Could you please transcribe the data exactly, without the pictures?

● **DATASET CONTENT**
------------------------------

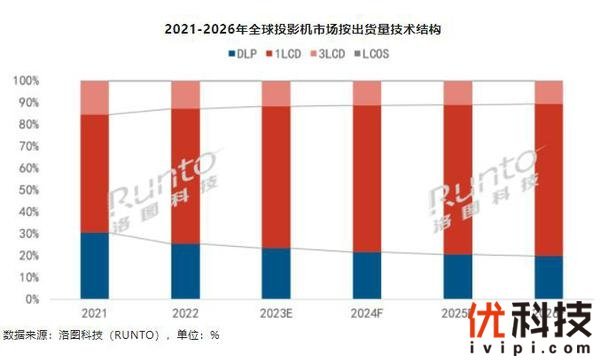 杜绝虚标！LCD行业哈趣投影率先响应执行中国CVIA亮度标准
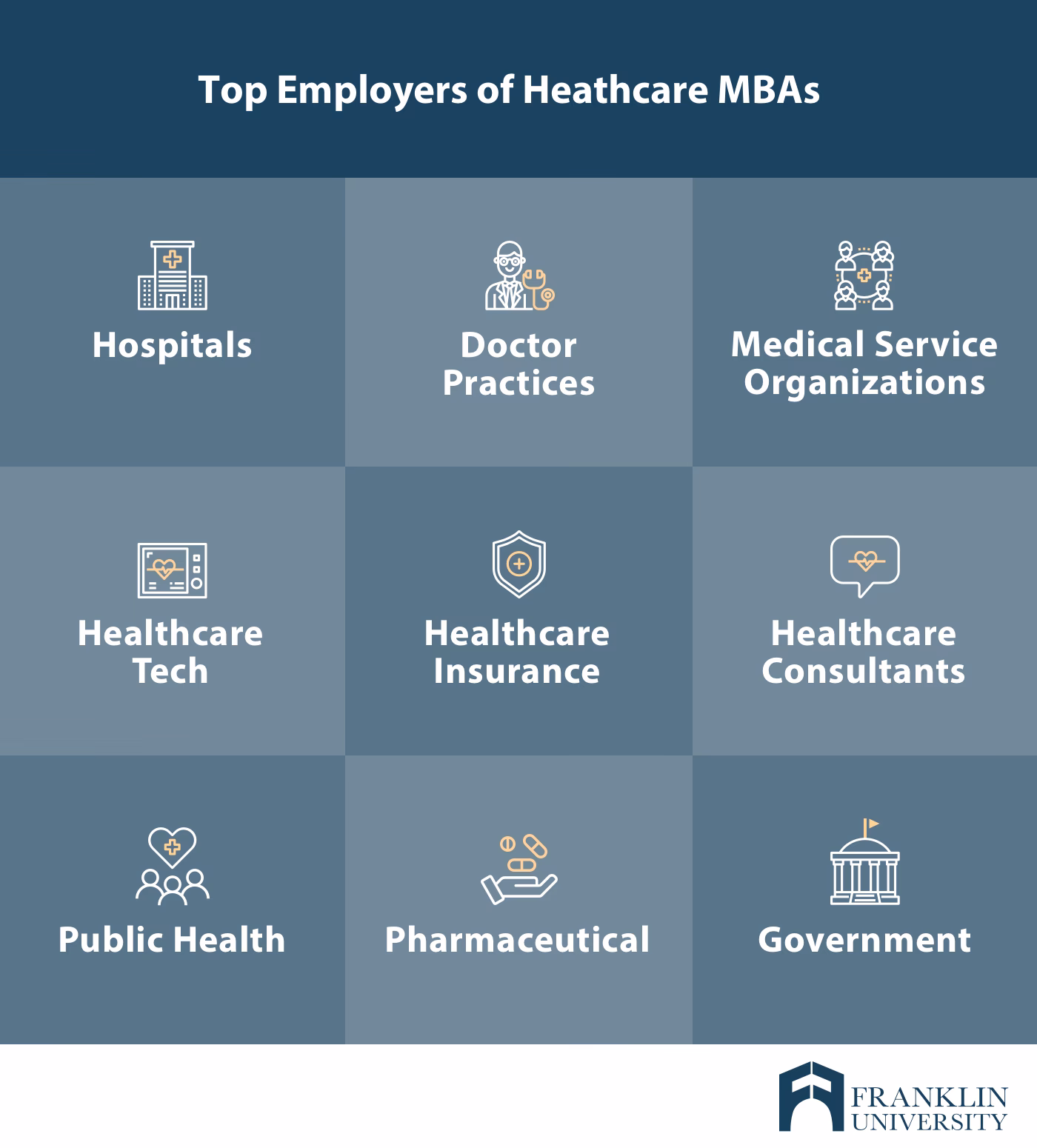 What is an MBA in hospital management in India in 2025?
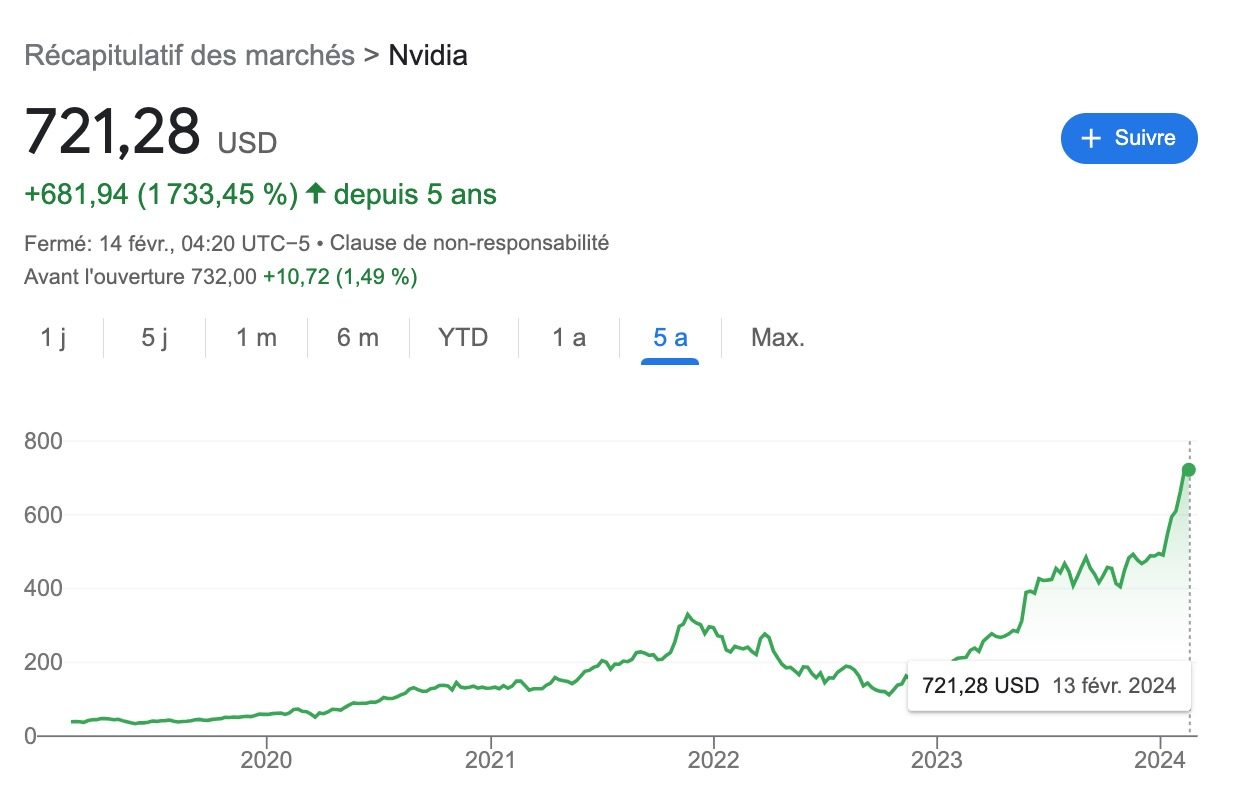 Nvidia Bourse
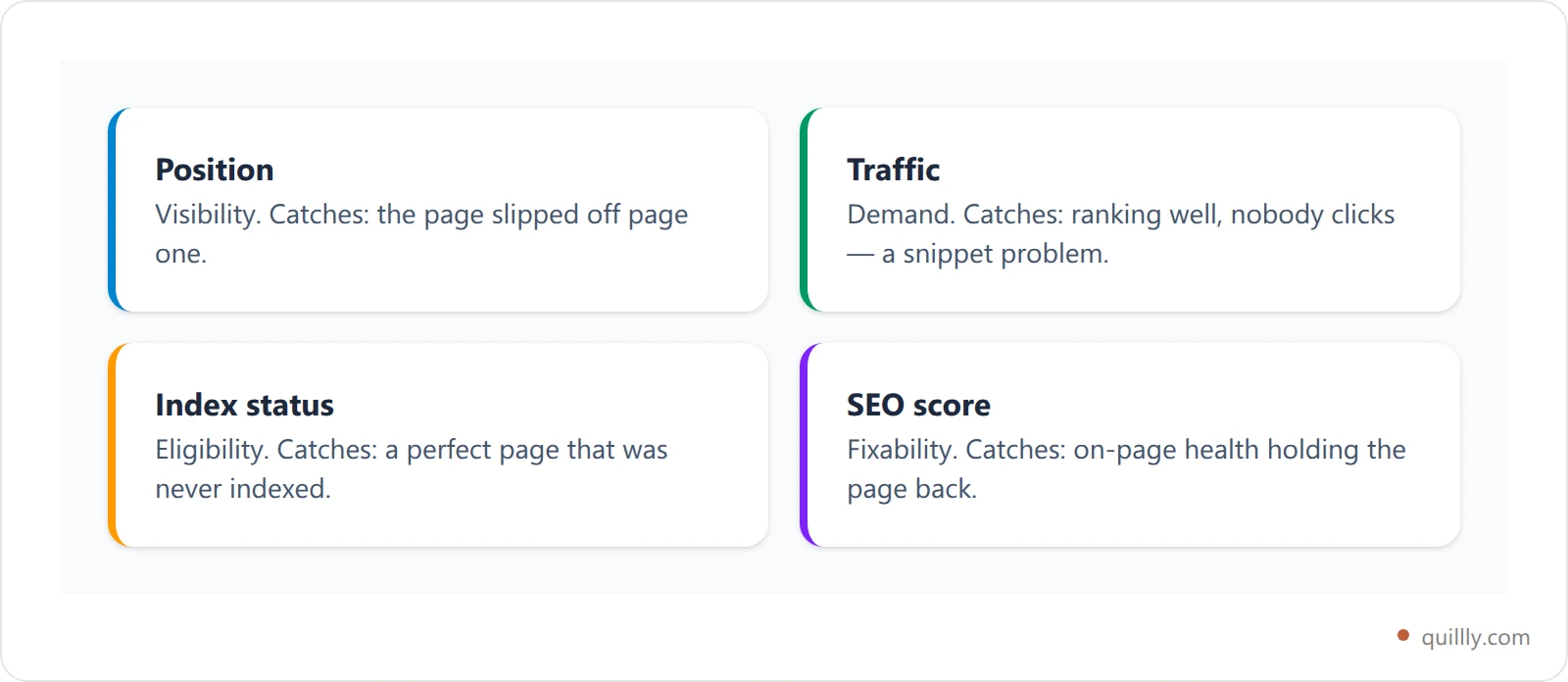 Four cards showing the Page Pulse signals position, traffic, index status and SEO score, each with the failure it catches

------------------------------

● **SOLUTION FOR THIS PROBLEM**
 杜绝虚标！LCD行业哈趣投影率先响应执行中国CVIA亮度标准
 What is an MBA in hospital management in India in 2025?
 Nvidia Bourse
 Four cards showing the Page Pulse signals position, traffic, index status and SEO score, each with the failure it catches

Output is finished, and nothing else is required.